[Records drawn from a dataset]

--------------------

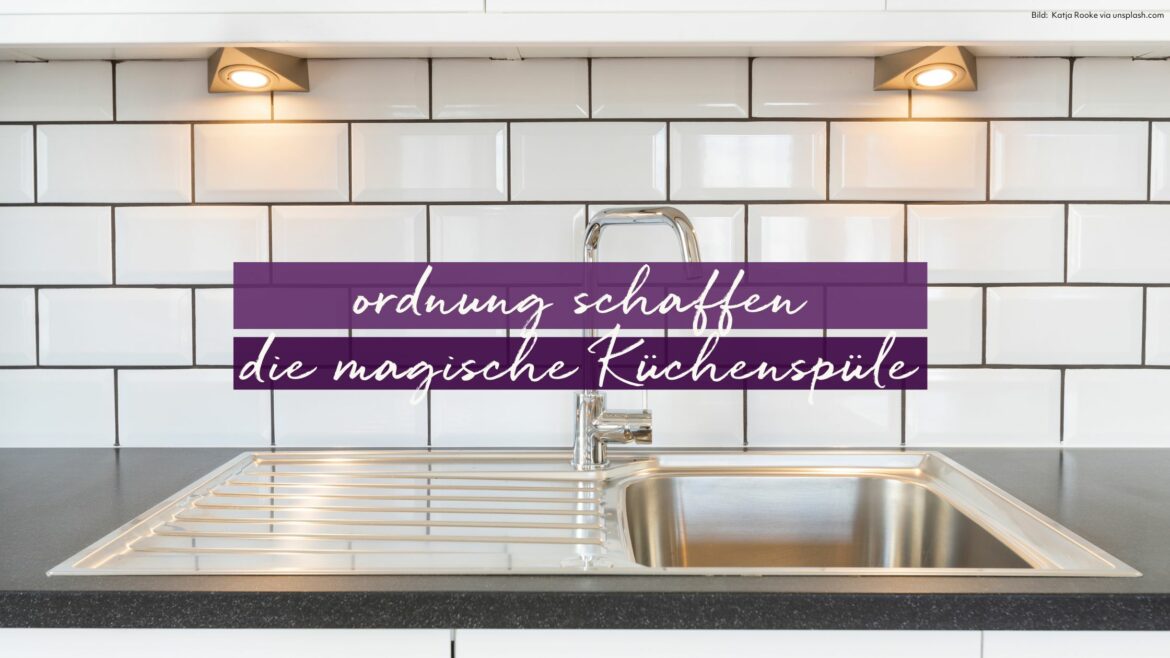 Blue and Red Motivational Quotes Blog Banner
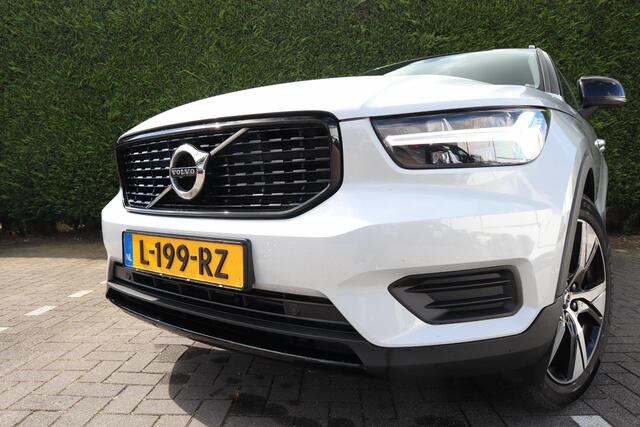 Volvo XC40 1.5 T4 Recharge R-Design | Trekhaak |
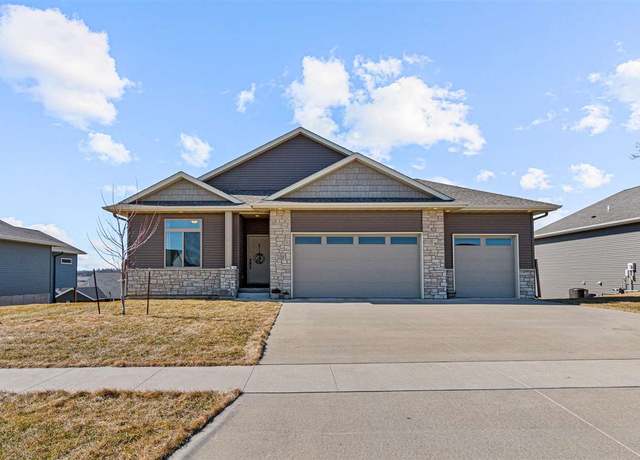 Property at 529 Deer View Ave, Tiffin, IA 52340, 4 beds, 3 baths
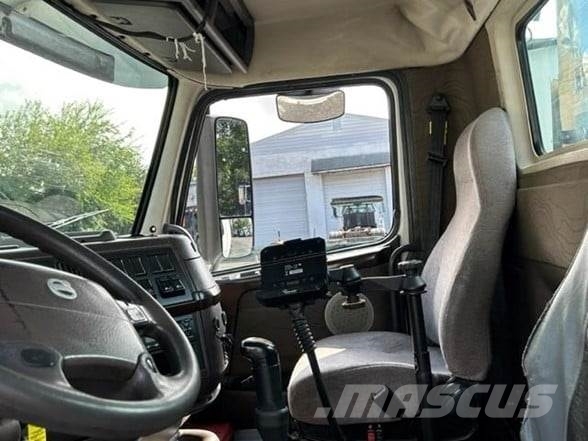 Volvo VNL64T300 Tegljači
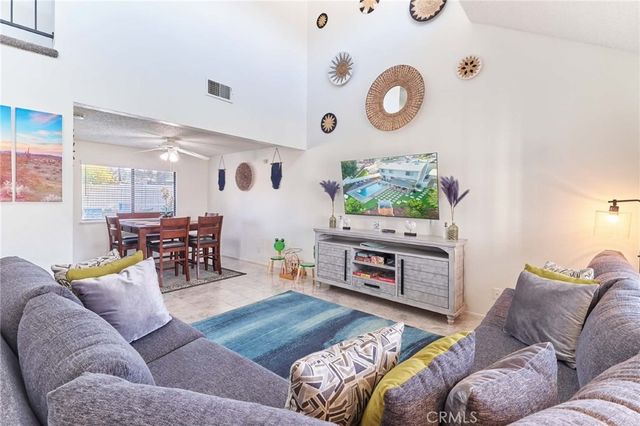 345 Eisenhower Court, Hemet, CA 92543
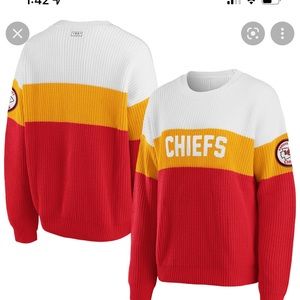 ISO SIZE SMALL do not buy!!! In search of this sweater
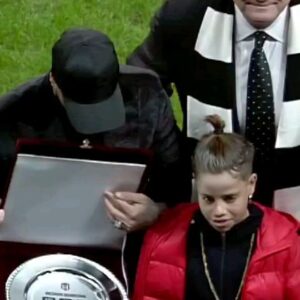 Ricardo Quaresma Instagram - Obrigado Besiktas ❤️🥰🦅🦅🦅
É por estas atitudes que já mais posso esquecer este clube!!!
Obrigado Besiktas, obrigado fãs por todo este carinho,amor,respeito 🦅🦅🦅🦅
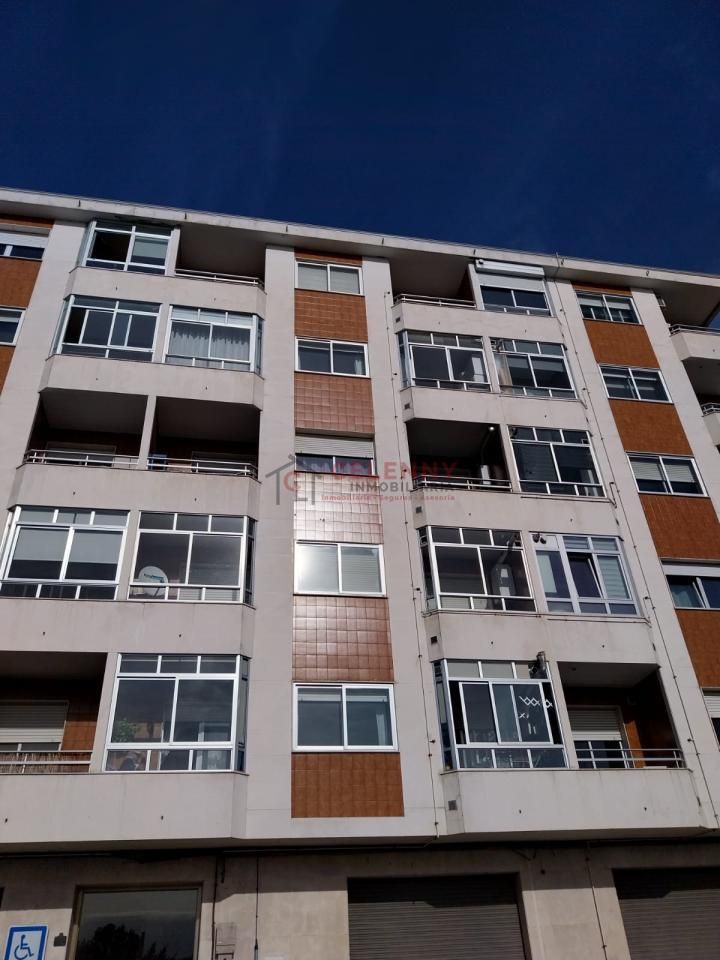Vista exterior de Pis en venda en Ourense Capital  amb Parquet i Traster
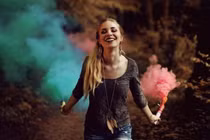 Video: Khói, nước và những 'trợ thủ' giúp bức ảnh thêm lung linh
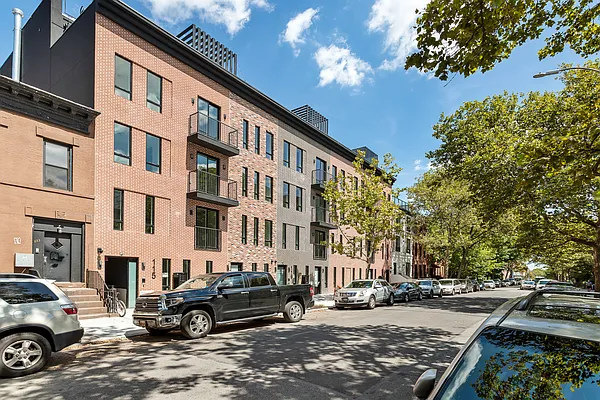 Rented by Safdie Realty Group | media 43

--------------------

What the exercise asks
All lines that contain the word "este" must be copied from the records above.

Task response
É por estas atitudes que já mais posso esquecer este clube!!!
Obrigado Besiktas, obrigado fãs por todo este carinho,amor,respeito 🦅🦅🦅🦅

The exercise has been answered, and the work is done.